Je retiens de cette rencontre une conviction simple : l’idée de fond de Qarapulse est la bonne. Connecter ce qui existe plutôt que d’ajouter un outil de plus, automatiser la traçabilité entre exigences et preuves, c’est répondre à un problème opérationnel réel, qui touche les startups comme les grands groupes.
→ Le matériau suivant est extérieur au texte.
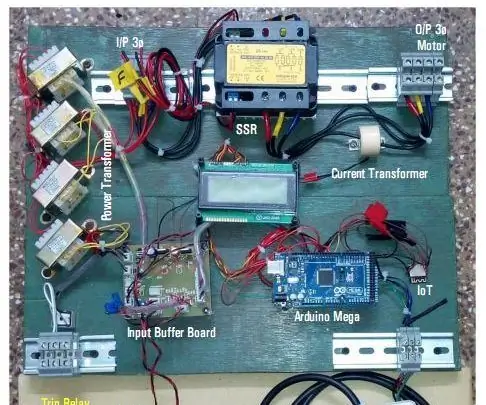 Arduino Mega 2560 ን እና IoT ን በመጠቀም 8 ደረጃዎችን (ከስዕሎች ጋር) በመጠቀም የሞተር አስተዳደር ስርዓት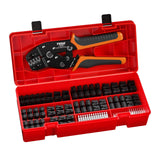 PEBA Crimping Tool Kit - Ratcheting 32-20AWG Crimper + 14 Types JST-SM 2.5mm Connectors Kit | Precision Crimper Compatible with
Mais le potentiel ne doit pas être confondu avec une intégration prête à l’emploi pour un laboratoire pharmaceutique : l’écart d’échelle entre une jeune entreprise medtech et un groupe pharmaceutique mondial reste considérable, et la confiance d’un grand laboratoire ne se construit pas sur six références clients.

Le sujet qui m’intéresse le plus, en sortant de VivaTech, dépasse d’ailleurs largement Qarapulse elle-même. La vraie question posée par cette rencontre, c’est de savoir qui va industrialiser cette double conformité MDR/AI Act dans les années qui viennent : des startups agiles comme celle-ci, les cabinets de conseil réglementaire traditionnels, ou les grands groupes en interne. C’est cette tension, plus que la promesse d’un client signé, qui me semble être le véritable fil rouge à suivre pour comprendre comment la santé numérique européenne va se structurer d’ici la fin de la décennie.